How Unix processes data differently to Python

If you had log files from a website which looked like this:

216.58.210.78 - - [27/Feb/2015:17:55:11 +0000] "GET /css/typography.css HTTP/1.1" 200 3377 "http://neil-gibbons.uk/" "Mozilla/5.0 (Macintosh; Intel Mac OS X 10_9_5) AppleWebKit/537.36 (KHTML, like Gecko) Chrome/40.0.2214.115 Safari/537.36"
        

and you wanted to find the 5 most popular pages on your website, what would be the best way to achieve this?

If we do this with a program language like Python, the solution would look like this:

from collections import defaultdict

counts = defaultdict(int)

log_file_path = '/var/log/nginx/access.log'

with open(log_file_path, 'r') as file:
    for line in file:
        url = line.split()[6]
        counts[url] += 1

top5 = sorted(counts.items(), key=lambda item: item[1], reverse=True)[:5]
        

Another solution, this time in Unix, would look like this:

cat /var/log/nginx/access.log |
awk '{print $7}' |
sort |
uniq -c |
sort -r -n |
head -n 5
        

A key difference between these two approaches is in how they use memory. The python script builds a hash table of URLs and their count in memory. Meanwhile the Unix command relies on sorting the list of URLs alphabetically, then uses uniq to filter out repeated lines, keeping a count thanks to the -c flag (an approach very similar to MapReduce (https://neil-gibbons.uk/article2.html)). Here, chunks of data are sorted in memory, written to disk as segment files, then multiple sorted segments are combined to create the larger sorted file.

Which approach is better?
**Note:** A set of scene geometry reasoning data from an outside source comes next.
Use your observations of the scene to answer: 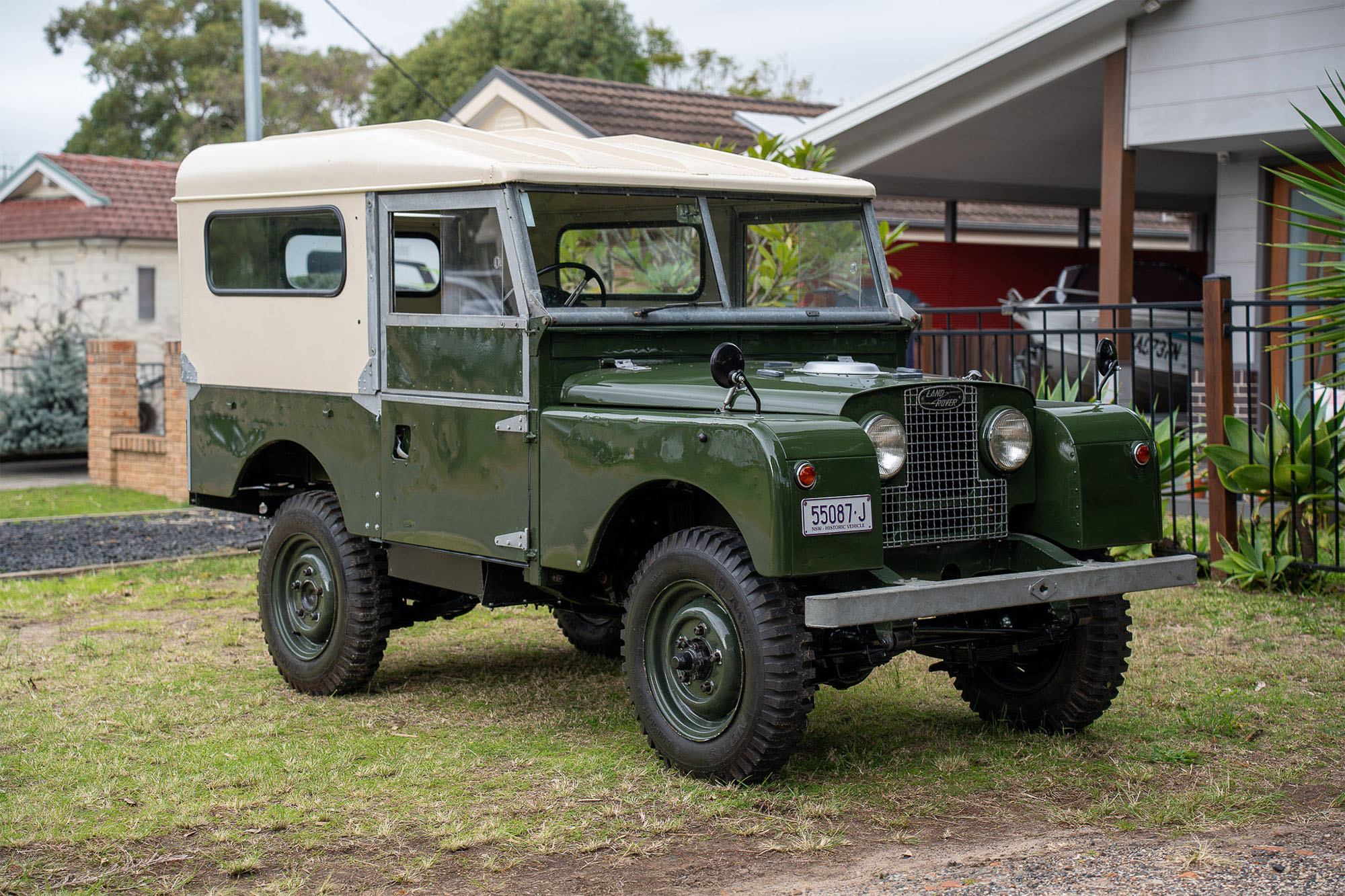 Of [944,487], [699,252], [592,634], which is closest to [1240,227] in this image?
[592,634]

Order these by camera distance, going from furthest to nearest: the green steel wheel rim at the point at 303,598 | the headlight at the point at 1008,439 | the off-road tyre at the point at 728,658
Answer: the green steel wheel rim at the point at 303,598, the headlight at the point at 1008,439, the off-road tyre at the point at 728,658

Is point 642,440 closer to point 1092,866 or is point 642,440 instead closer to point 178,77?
point 1092,866

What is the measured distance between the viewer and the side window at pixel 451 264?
566 centimetres

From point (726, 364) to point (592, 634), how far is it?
9.76 ft

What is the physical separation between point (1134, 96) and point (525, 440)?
27.4 feet

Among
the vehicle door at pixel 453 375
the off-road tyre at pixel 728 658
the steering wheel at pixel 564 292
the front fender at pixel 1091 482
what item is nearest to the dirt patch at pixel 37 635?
the vehicle door at pixel 453 375

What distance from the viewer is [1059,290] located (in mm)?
14836

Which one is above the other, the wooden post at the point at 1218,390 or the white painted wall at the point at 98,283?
the white painted wall at the point at 98,283

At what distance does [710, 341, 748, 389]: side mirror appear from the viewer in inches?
185

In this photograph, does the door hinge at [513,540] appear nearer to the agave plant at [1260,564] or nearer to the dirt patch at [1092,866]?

If you have a small to medium-sized website and the number of distinct URLs can easily fit in memory, you may prefer the python script for its simplicity and readability. However, for very large websites with many distinct URLs, the OS would start to rely on virtual memory to store the hash table, resulting in lots of inefficient disk I/O, dramatically slowing performance. In this case, the Unix approach may be preferred because its sort function handles spilling to disk so efficiently.